### ASSIGNMENT
From top to bottom, print the listing word for word and skip any pictures it contains.

─── STUDY MATERIAL

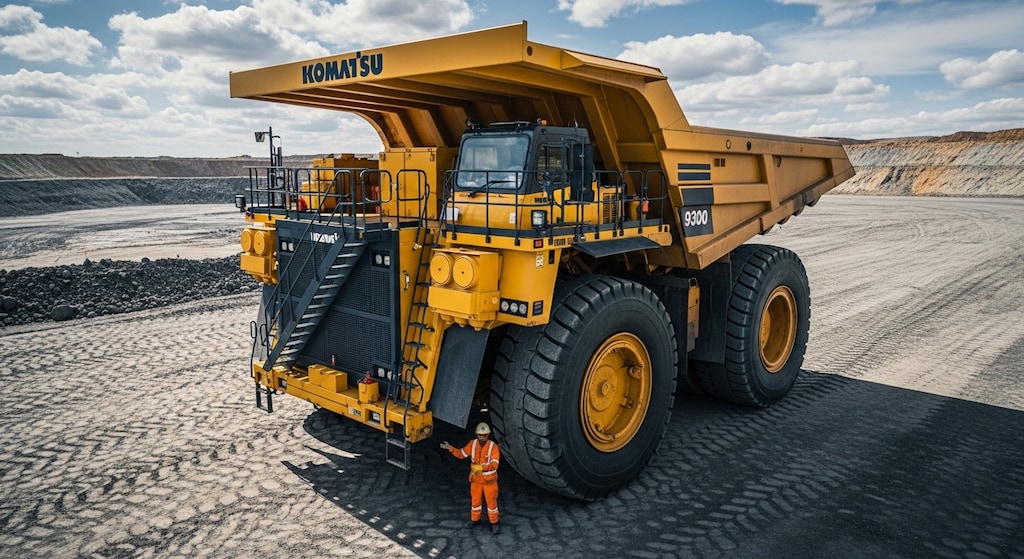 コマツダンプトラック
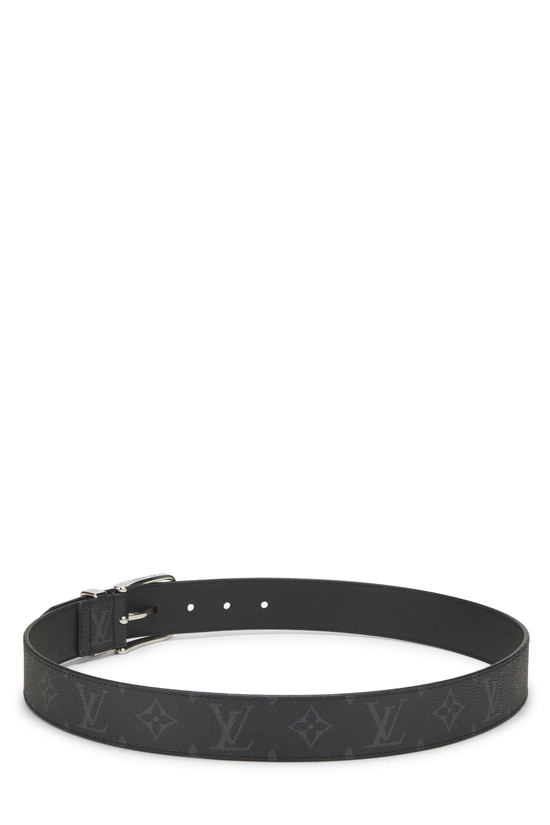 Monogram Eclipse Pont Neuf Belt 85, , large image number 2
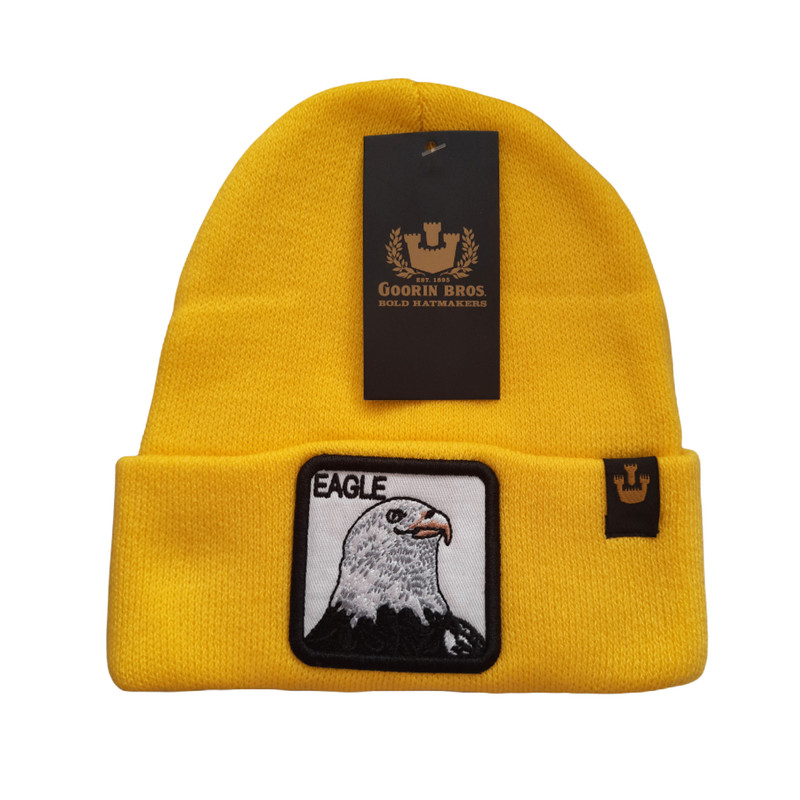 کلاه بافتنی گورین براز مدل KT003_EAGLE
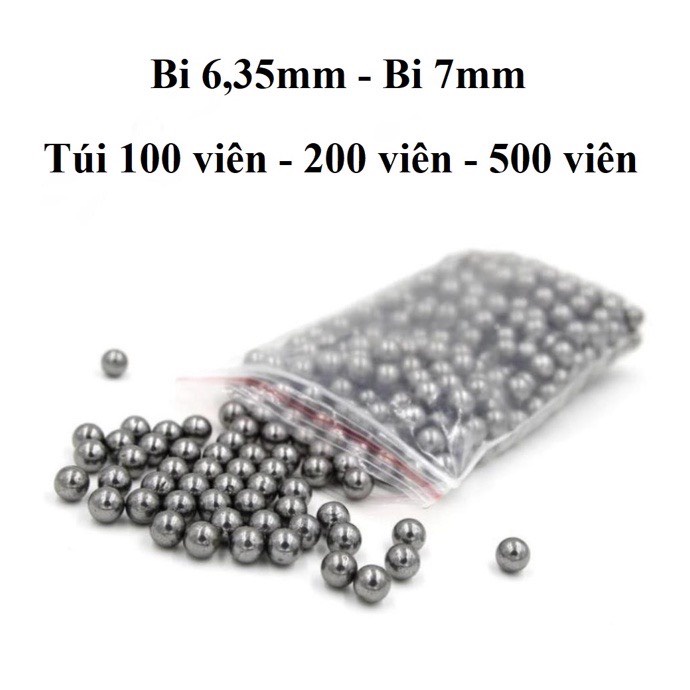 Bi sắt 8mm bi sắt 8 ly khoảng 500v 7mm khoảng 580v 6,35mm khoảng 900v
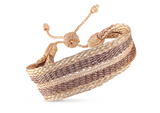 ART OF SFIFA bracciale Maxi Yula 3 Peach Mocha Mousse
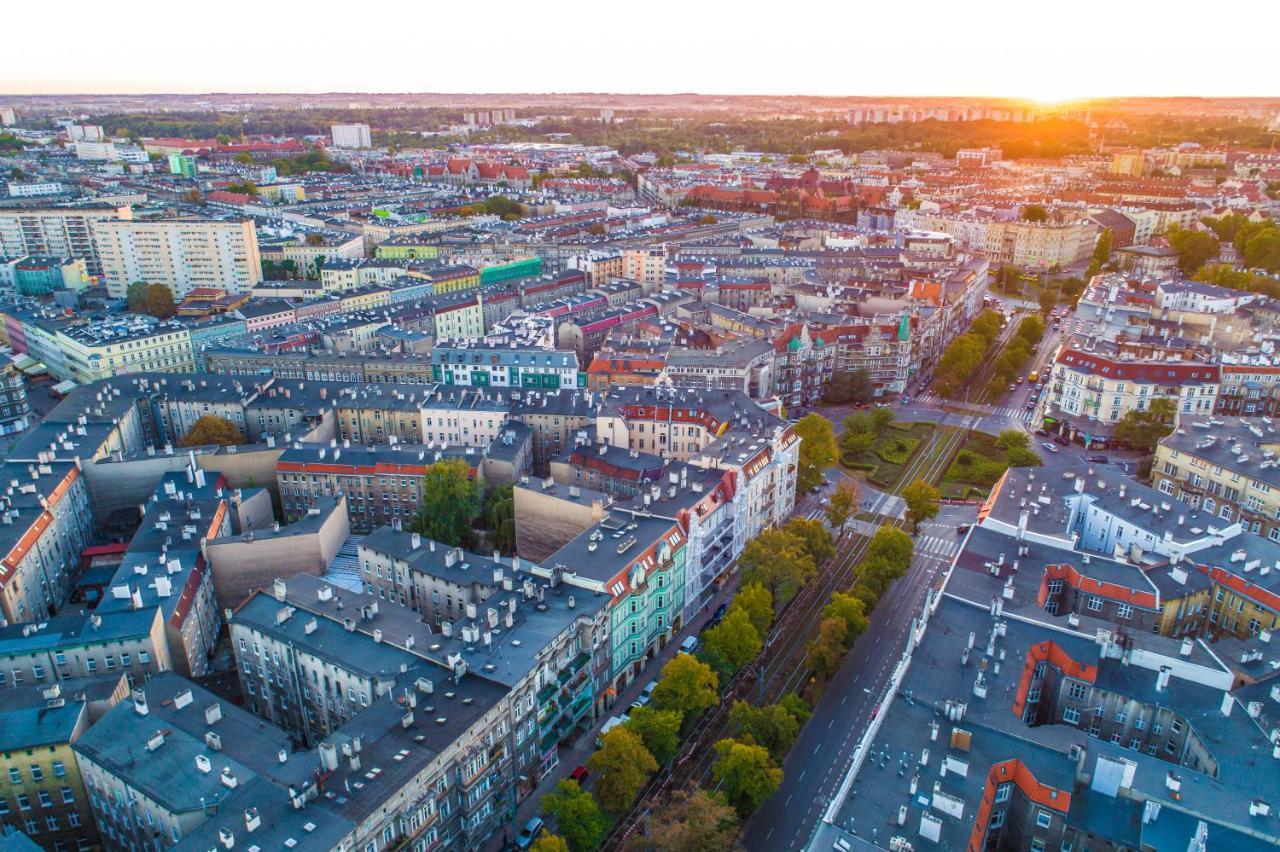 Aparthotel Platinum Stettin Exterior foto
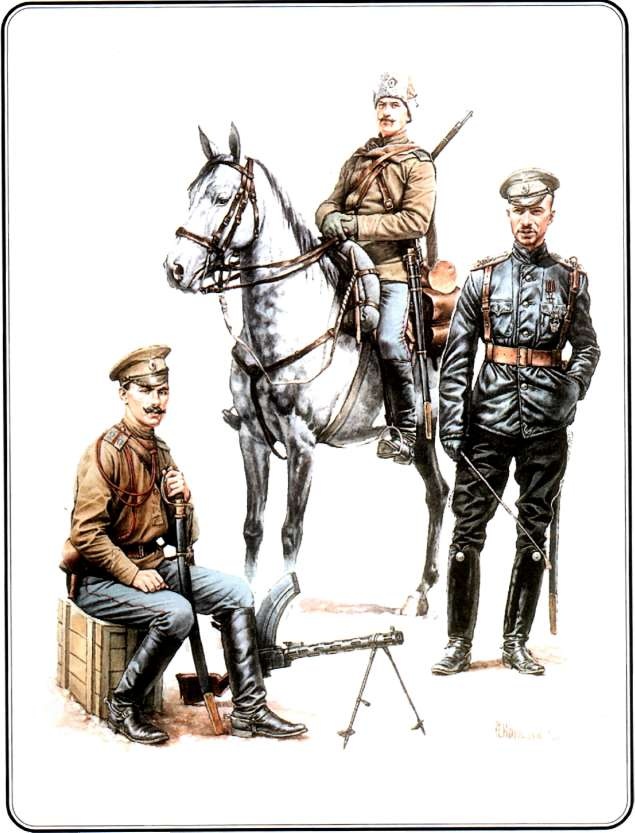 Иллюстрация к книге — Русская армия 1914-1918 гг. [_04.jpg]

──────

### REPLY TO THE EXERCISE
 コマツダンプトラック
 Monogram Eclipse Pont Neuf Belt 85, , large image number 2
 کلاه بافتنی گورین براز مدل KT003_EAGLE
 Bi sắt 8mm bi sắt 8 ly khoảng 500v 7mm khoảng 580v 6,35mm khoảng 900v
 ART OF SFIFA bracciale Maxi Yula 3 Peach Mocha Mousse
 Aparthotel Platinum Stettin Exterior foto
 Иллюстрация к книге — Русская армия 1914-1918 гг. [_04.jpg]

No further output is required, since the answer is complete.